Rockies at Dodgers, 1:10PM PT, TV: SPNLA
It’s a battle of lefties this afternoon. Hyun-Jin Ryu (3-1, 2.12 ERA) is on the bump (I keep hearing that term for the mound from our local TV sportscasters, who must have gotten it from somewhere) for the Dodgers against the Rockies’ Jorge De La Rosa (1-3, 6.38 ERA).
For an added attraction,
A victory would be the 10,000th in Dodgers franchise history, according to Elias Sports Bureau. Only the Giants, Cubs and Braves have reached that plateau.
The Yankees haven’t? Really? Not quite. They’ve got 39 wins to go. As Dodgers Insider has pointed out, the Dodgers’ records and Elias’s differ by 13 wins.
Check out this list of new baseball books (principally Dodgers content, but not all) compiled by Howard Cole over at LA Weekly. I see a couple I’d like to own and more I’d like to read.

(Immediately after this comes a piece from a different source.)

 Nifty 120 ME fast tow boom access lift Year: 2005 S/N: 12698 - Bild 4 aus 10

Matt Snyder at CBS Sports’s Eye on Baseball blog has picked his all-time lineup of Dodgers based on the best single-season performance he could find at each position. Here’s his lineup:
1. 1949 Jackie Robinson, 2B
2. 2011 Matt Kemp, CF
3. 2004 Adrian Beltre, 3B
4. 1997 Mike Piazza, C
5. 1985 Pedro Guerrero, LF
6. 1930 Babe Herman, RF
7. 1941 Dolph Camilli, 1B
8. 1949 Pee Wee Reese, SS
With Starting Pitchers:
1966 Sandy Koufax,
1928 Dazzy Vance,
1964 Don Drysdale,
1988 Orel Hershisher,
2013 Clayton Kershaw
Before the Koufax purists freak out, the rules of the game say only the best season the player had can be included, otherwise you might have Sandy starting every game of the hypothetical season.
2003 Eric Gagne,
1974 Mike Marshall,
2013 Kenley Jansen
He backs up his choices with his reasoning at the link.

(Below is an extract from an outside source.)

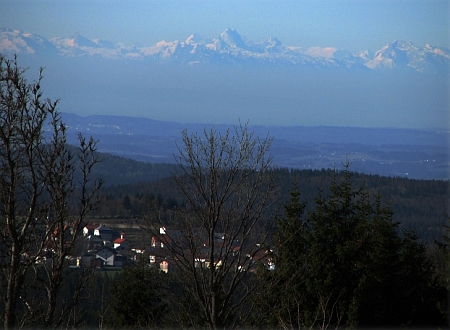 Pohled z Bučiny na alpské hřebeny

Promoted from the comments to the last post: Dodgers’ Aviation! As in so many other things, the Dodgers and Walter O’Malley were the first to travel via airplane on road trips.
This is a wonderfully well-researched story with beautiful pictures, so go read it!

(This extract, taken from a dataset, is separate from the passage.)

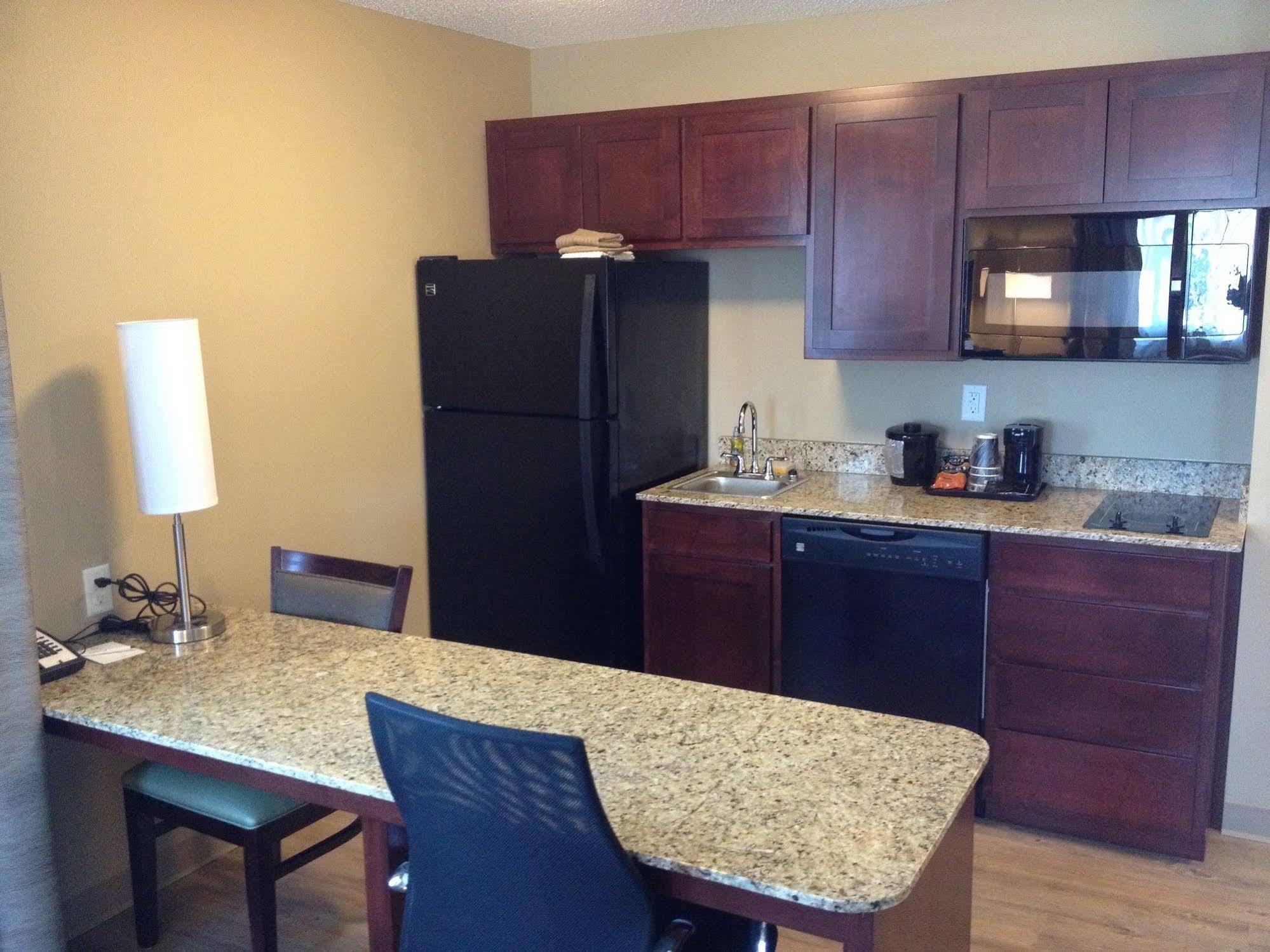 Grandstay Hotel & Suites - Glenwood Extérieur photo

Update: Some very sad news today from San Diego: Jerry Coleman passed away at the age of 89. Coleman was a Yankee second baseman, a US Marine in both World War II and Korea, and a broadcaster for the Yankees and then the Padres. In 1980 he even managed the Padres for a season. He received the Ford C. Frick Award in 2005.
One hopes that he greeted St. Peter at the Pearly Gates with his pet phrase “Oh Doctor!” and that Peter in turn said “You can hang a star on that one, baby!”